**THE RECORDS**
***
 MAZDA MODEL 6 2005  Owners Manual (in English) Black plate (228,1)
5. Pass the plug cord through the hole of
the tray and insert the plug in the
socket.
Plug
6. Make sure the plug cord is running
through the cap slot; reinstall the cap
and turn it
***
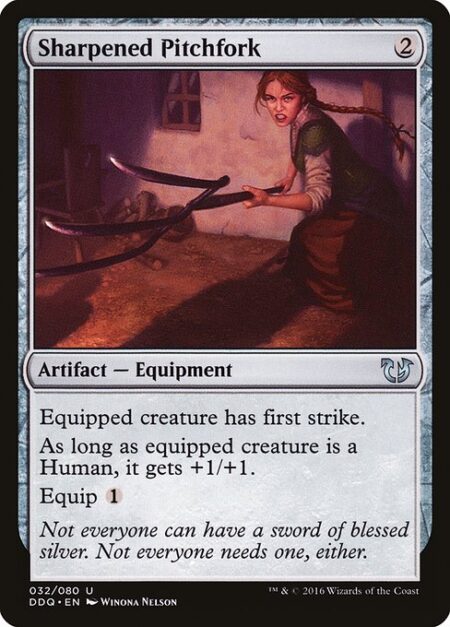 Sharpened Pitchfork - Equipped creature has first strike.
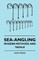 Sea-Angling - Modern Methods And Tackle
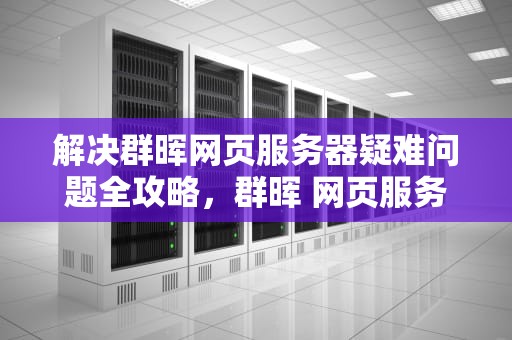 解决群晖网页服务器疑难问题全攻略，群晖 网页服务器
***
**WHAT TO DO**
Determine how many lines of the entries above carry the string "through", and give that number alone.

**WRITTEN RESPONSE**
2